Alasan lainnya adalah masalah keterbatasan waktu pembahasan pada Oktober. Wakil Badan Legislatif (Baleg) DPR RI dari Partai Nasdem Willy Aditya menyebutkan bahwa Baleg DPR RI akan mencabut RUU PKS ke dalam Prolegnas 2021 (2019-2024).
RUU PKS ditentang partai politik berbasis agama, antara lain, Partai Keadilan Sejahtera (PKS) dan PAN, dengan tuduhan RUU PKS mendukung legalisasi perzinaan dan orientasi seksual seperti lesbian, gay, biseksual, dan transjender (LGBT).
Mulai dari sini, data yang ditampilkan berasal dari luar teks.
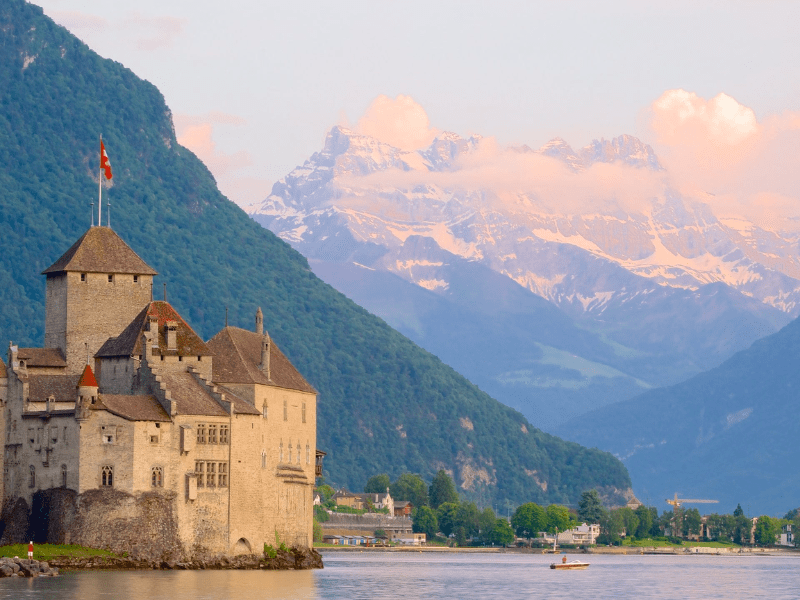 lau-dai-chillon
Namun, ada dua anggota dewan perempuan, Rahayu Saraswati Djojohadikusumo dari Partai Gerindra dan Diah Pitaloka dari Partai Demokrasi Indonesia Perjuangan (PDI-P), yang berusaha agar DPR meloloskan RUU tersebut.
Di luar, rakyat, termasuk akademisi, menyerukan agar RUU PKS yang berperspektif korban segera disahkan. Kelompok penolak pun bersuara dengan didukung organisasi keagamaan.
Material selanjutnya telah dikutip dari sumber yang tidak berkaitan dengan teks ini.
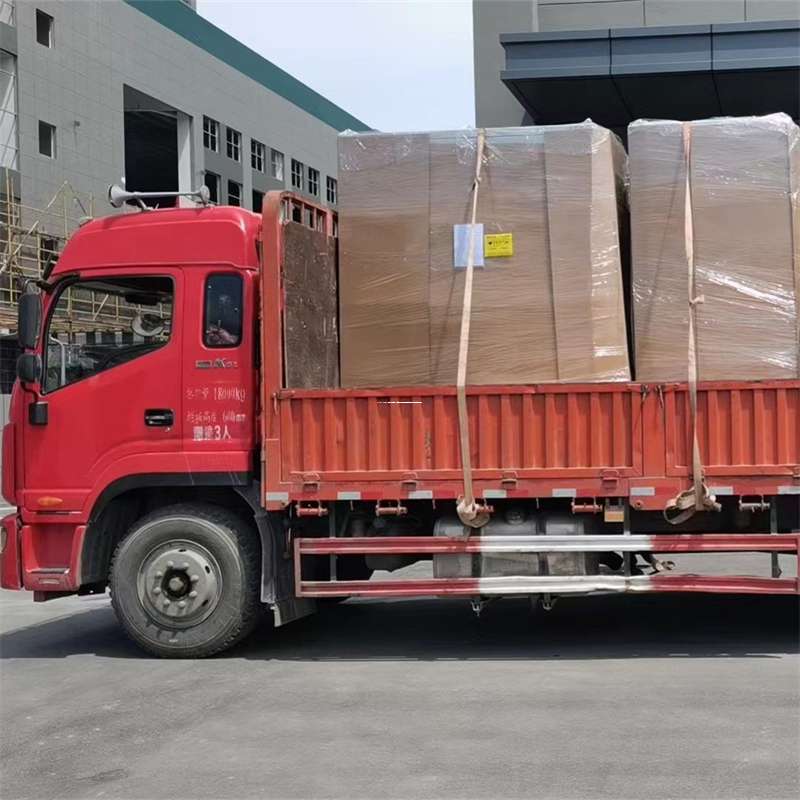 河北邯郸广平县到肥东物流公司，一站式服务为您的货物保驾护航（肥东物流公司电话号码）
WHO mengartikan, kekerasan seksual adalah tindakan yang berkisar dari pelecehan verbal sampai penetrasi secara paksa, termasuk berbagai jenis paksaan dari tekanan sosial dan intimidasi yang menggunakan kekuatan fisik. Korban kekerasan seksual tidak mengenal jenis kelamin, profesi, agama, suku, dan kelas sosial. Pelaku kejahatan kekerasan seksual berasal dari berbagai kalangan, termasuk dari keluarga atau sosok yang dipercaya korban.
Berita media massa tentang kasus-kasus kekerasan seksual yang menimpa anak perempuan atau anak perempuan atau anak laki-laki, remaja atau orang dewasa, sangat mudah didapat. Contoh, kasus pelecehan seksual yang dialami puluhan anak putra altar oleh seorang pembina kegiatan misdinar di Gereja Katolik di Depok.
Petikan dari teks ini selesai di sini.